What makes this move notable is Palantir history in the market. For years, the stock was driven mainly by retail investors, while large institutions often acknowledged the quality of the business but stayed cautious on valuation. That dynamic appears to be changing. Alongside Citi, firms such as Bank of America and Wedbush have also turned more constructive, suggesting that skepticism around Palantir’s price may be giving way to confidence in its growth trajectory.
$PLTR Palantir Technologies has already delivered an exceptional run, gaining about 135% in 2025, far outpacing the roughly 16% rise in the S&P 500. According to analysts, this momentum is not expected to fade quickly. Forecasts point to revenue growth of 70% - 80% continuing into 2026, supported by high margins and accelerating demand for the software in both defense and commercial markets.
At the core of the bullish thesis is Palantir expanding role in artificial intelligence and data-driven decision-making. The platforms, including Gotham for government and intelligence use and Foundry for commercial clients, are increasingly complemented by its newer AIP platform. AIP integrates autonomous AI agents, allowing organizations to analyze massive volumes of data in real time and translate insights directly into action.
This capability is already being applied at scale. In the US military, Palantir is supporting supply chain management for nuclear submarines under a $448 million contract, helping reduce maintenance times and improve operational efficiency. In the UK, a five-year, £750 million agreement with the Ministry of Defence expands Palantir AI use in intelligence and cyber operations. These contracts underline how rising global security tensions are translating directly into demand for Palantir technology.
The commercial side is also gaining momentum. Palantir has signed major deals with companies such as Lumen, in a $200 million agreement focused on AI-powered telecommunications services, and Boeing, where Palantir AI tools are being integrated into defense and aerospace manufacturing. In the third quarter of 2025, the company reported revenue of $1.18 billion, up 63% year over year, while net income more than doubled.
Looking ahead, consensus expectations for 2026 call for revenue of about $4.44 billion and earnings per share of $0.57. While this EPS forecast is more conservative than Oppenheimer near-$1 estimate, analysts still see strong operating leverage as AI adoption accelerates. Ongoing geopolitical conflicts in regions such as Ukraine, the Middle East, and Venezuela are also seen as tailwinds, as Palantir software has already been used to support military and intelligence operations in complex environments.
Still, not everyone is convinced. Palantir valuation remains elevated, and the high earnings multiple continues to attract critics. Investors such as Michael Burry have reportedly opened short positions, arguing that the stock price has moved ahead of sustainable, long-term growth. Even among long-term believers, there is recognition that expectations are now high and volatility could increase if execution slips.

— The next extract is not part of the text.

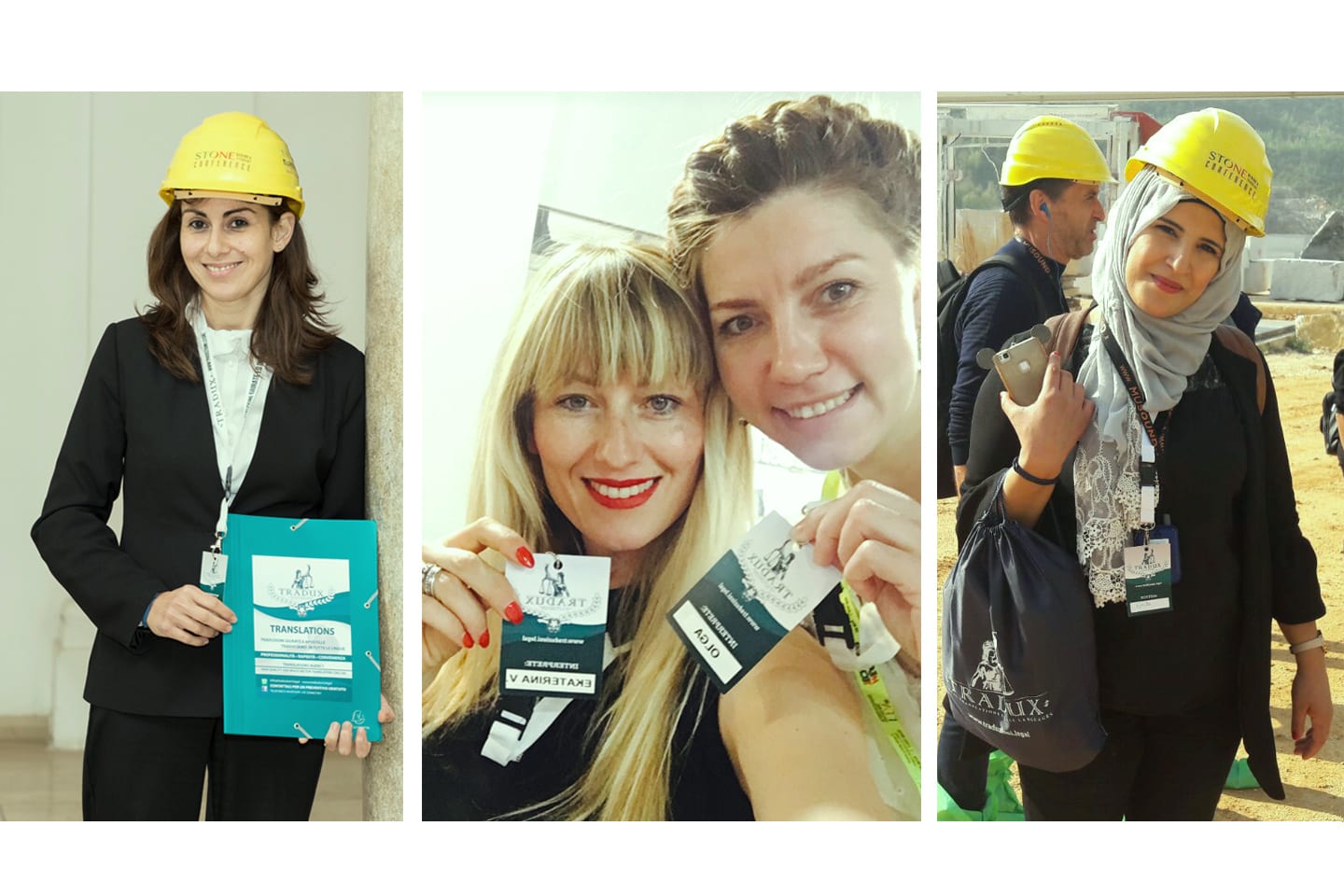 servizio-traduzioni-giurate-professionali-certificate-apostille-Tergeste-Urbino-montenapoleone-interpreti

The divide between bulls and bears is what makes Palantir such a compelling stock to watch right now. On one side are analysts pointing to accelerating growth, expanding margins, and structural demand for AI-driven defense and enterprise software. On the other are investors warning that much of this optimism may already be priced in.
The key question is not whether Palantir is a strong company, but whether its growth can continue to justify its valuation through 2026 and beyond. With multiple bullish price targets now on the table and debate intensifying, a deeper look into Palantir fundamentals and risk profile may be the next step before deciding how to position in $PLTR.